The voltage regulator solution will work as will the DC to DC converter - there are a number of them on eBay - just search for DC DC CONVERTER - here is one that should work

eBay Link 


dave


----------



## kormsen (Oct 27, 2009)

or you just put 12 diodes in series before the motor. 
that is easy to do and does not need much space.


----------



## Michael Glavin (Jan 2, 2009)

I'd look at driving the animation with the G2! 

Or tap a single cell of the battery pack. 

Michael


----------



## Madman (Jan 5, 2008)

I found the converter on Ebay. It is sold by Asia Engineering. Look up, LM317 In DC or AC 4V-30V Out DC 2.5V-27V 1A Converter, on Ebay. I hope this helps.


----------



## paintjockey (Jan 3, 2008)

I will control it with the G2 but I still need something to take the voltage down from 14.8 to under 5vdc. I think the converter is the way to go. thanks for the help. 

Terry


----------



## Rods UP 9000 (Jan 7, 2008)

Terry 
I have the same motor from Phil that I'm going to use for the bell. The plan is to use the FnA on the G2 and 
program it to function #2. The bell is also programed for function #2 on the Phoenix board. I'm going to use 
a 1 amp 5 volt regulator to power the motor. If it is still too fast I will use a 1 watt resistor between motor and 
regulator. I will play with the value to get the speed to match with the sound board. 
Rodney


----------



## Dan Pierce (Jan 2, 2008)

A diode is better for dropping the voltage to a motor as they do not change voltage with current draw. 
So, 3 diodes with a .7 drop would give 2.9 volts from a 7805, but you could use a 7806 and get 3.9 or 3.2 volts ( 4 .7 diodes). 

However the DC to DC converter is best for the large drop you need and then fine tune with diodes. Check the diodes as there are .3 pr .7 volt drops for different types.


----------



## Greg Elmassian (Jan 3, 2008)

Easier way to determine the diode drop is whether it is an ordinary silicon diode, or a schottky diode... if it is a .3v schottky, it will be advertised as such (because they cost more).. 

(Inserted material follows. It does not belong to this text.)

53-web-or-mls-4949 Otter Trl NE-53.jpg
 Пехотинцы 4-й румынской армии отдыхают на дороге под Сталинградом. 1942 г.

Of course my suggestion way back on post #3 is the DC to DC converter, since any other method wastes a fair amount of power, the DC to DC should be 90% or more efficient. All power "dropped" by resistors, regulators, etc, is lost as heat, i.e. using battery capacity and throwing it away... (contributing to global warming to ha ha!). 

Greg


----------